Fine Arts: ‘Portraits of Preservation’ in Princeton

Since D&R Greenway Land Trust was founded in 1989, the organization has preserved 308 properties, comprising 20,903 acres of land. Hunterdon County artist and conservationist James Fiorentino has traveled to many of the sites using his expert drawing and painting skills to document them and the wildlife that lives there.

Thirty of his watercolor paintings done on those excursions are currently on view at D&R Greenway’s headquarters in the Johnson Education Center’s restored circa 1900 barn on Preservation Place in Princeton.The Johnson Education Center is the only resource of its kind in New Jersey and it is one of only two in the country. Its large gallery spaces not only serve as lecture halls and meeting rooms, they are always filled with art depicting the natural world and its wildlife inhabitants.

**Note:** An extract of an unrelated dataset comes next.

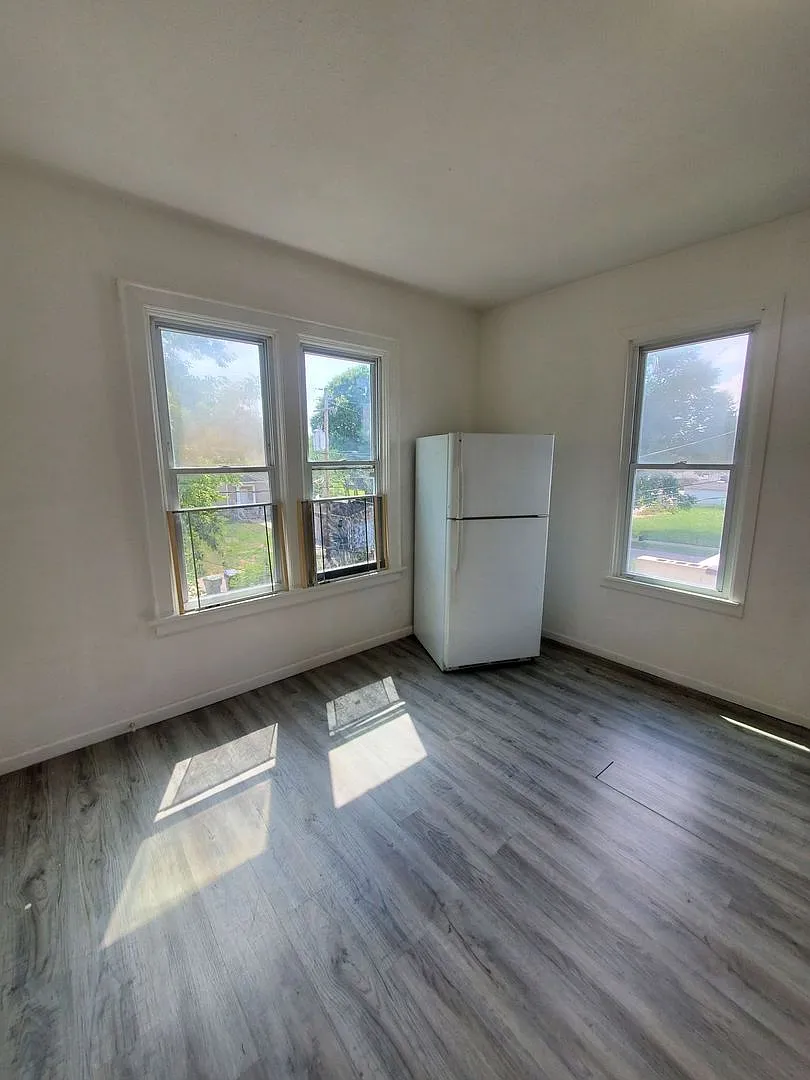 2508-2508A N 35th St. (Duplex) — Photo 2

Fiorentino’s paintings are all paired with text wall panels. Wildlife paintings are accompanied by panels offering details about the species and preferred habitat.Paintings of conserved land are accompanied by panels that give information on the acreage, when the land was preserved and its location.His painting of the Sourland Ecosystem Preserve is a winter scene where bare trees are reflected in a narrow winding rock-bordered stream that wends its way through a snow-covered forest floor strewn with rocks and natural detritus. Working with only umbers, russet, blue and white, Fiorentino conveys the cold stillness of the day he was there. The accompanying text panel speaks of D&R Greenway’s preservation of the Preserve’s 3,400 acres and its importance to the declining bird population and the critical role of the Sourland Mountain springs providing clean water to the regions it serves.

Fiorentino’s painting of the Cider Mill Preserve is enticing. It tempts you to step right into it and run through the knee-high Queen Anne’s Lace, on and on to the distant Sourland Mountain ridge. The text panel informs that the 1,600 acre Amwell Valley Grassland Macrosite “is a critical breeding ground for grassland birds…bobolinks, meadow larks, grasshopper sparrows. American kestrels, wintering short-eared owls and northern harriers forage the vast fields.”The kestrel is also reliant on the grasslands of the St. Michaels Farm Preserve in Hopewell, land that had been home to the St. Michael’s Orphanage and Industrial School operated by the Catholic Diocese of Trenton from 1896 to 1973. The building where the children lived and went to school was demolished and today 415 preserved acres provide walking trails and a vernal pond.

Fiorentino’s painting presents the weathervane on the roofline of the new barn where four children, arms linked, dance along the top of the sign on the long arrow. His expert drawing skills are especially evident in this precise painting.